The meeting included the mayor, city administrator Shane Weidner and members of the Independent Order of Odd Fellows, which organized the parade.
The Justice Department official is a member of the Community Relations Service team that handles discrimination disputes.
The float in question depicted a distraught looking mannequin in overalls in front of an outhouse with the words Obama Presidential Library on the side.
"The state area NAACP has received numerous concerns and inquiries about this issue," Iowa-Nebraska NAACP President Betty C. Andrews said in a news release.
Weidner said the meeting was very positive and, for him, more of a listening session.
"We listened to their recommendations and realized that we have folks that are feeling underrepresented in our community," Weidner said. "It was a wake-up call."
On Sunday, the committee that put on the 39th annual Odd Fellows parade said it won't change its policy on entries in the wake of an uproar over the outhouse float. The current policy only bans lewd and sexually explicit floats.

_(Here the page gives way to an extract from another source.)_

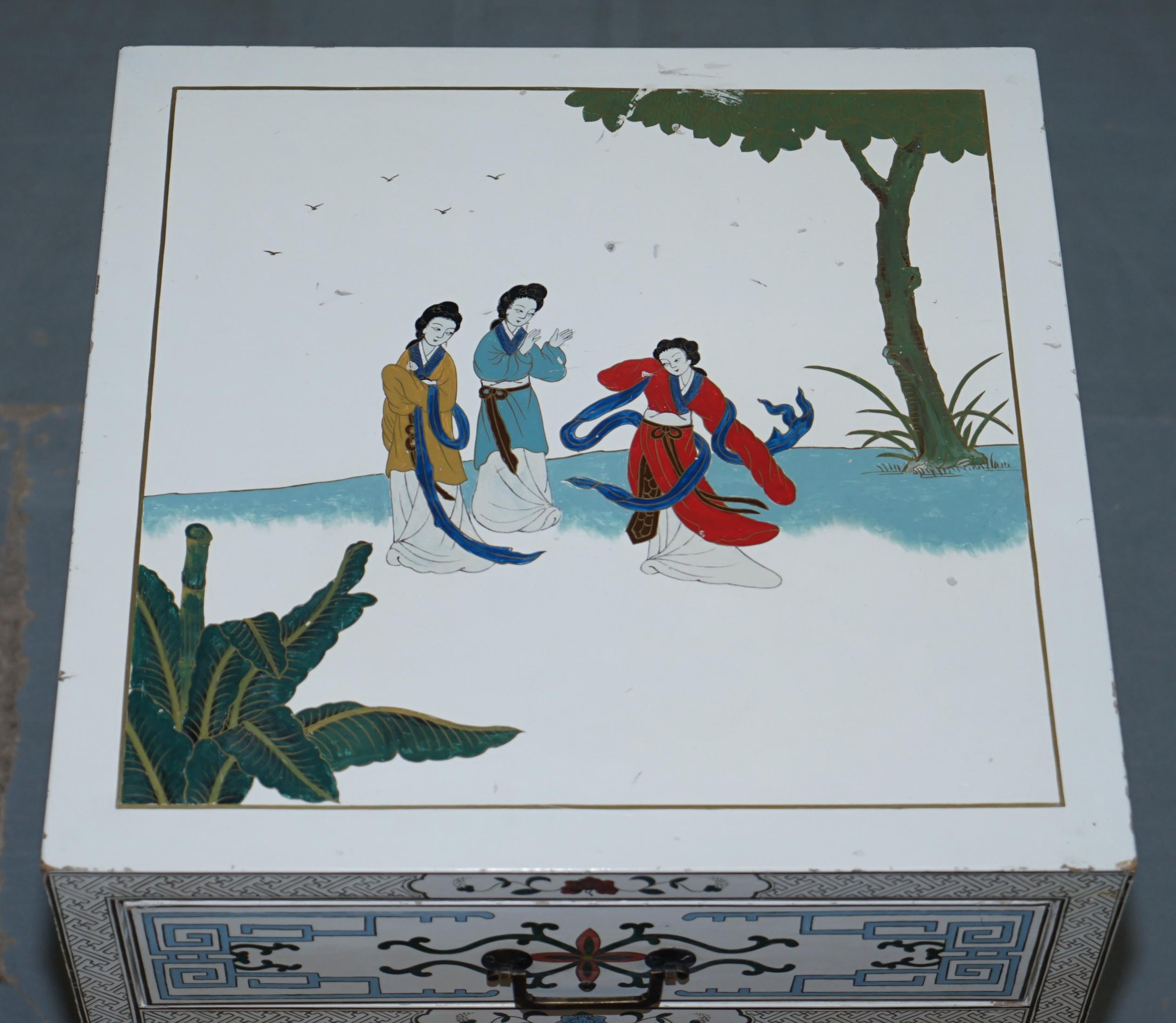 Hand-Crafted Pair of Vintage Chinese White Lacquered Hand Painted Side Table, Bedside Chests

Following the meeting with the NAACP, the Odd Fellows said it will consider adding more diversity to the committee.
The outhouse float won an honorable mention by three volunteer judges and was registered as political satire.
Dale Remmich of rural Norfolk made the float and has said the mannequin depicted him, not President Barack Obama. Remmich has said he made it to represent his frustration with the president’s management of the Veterans Affairs Department.
He did not intend for the float to make a racial statement, he said.
“I’ve got my bibs on, my walker, I’m covering my ears and I’m turning a bit green. I intended it to look like a zombie who has had enough,” Remmich said.
The response to the float has proved a lesson in the power of social media more than anything, Weidner said.
"I feel like people were trying to light the fuse of a bomb buried in Norfolk," he said. "The truth is that bomb is not there — we really have no huge looming problem here."
But the controversy has opened up a discussion, he said.
"Can we get better at serving all of our residents?" he said. "Absolutely. We are starting slow, but we will grow from this."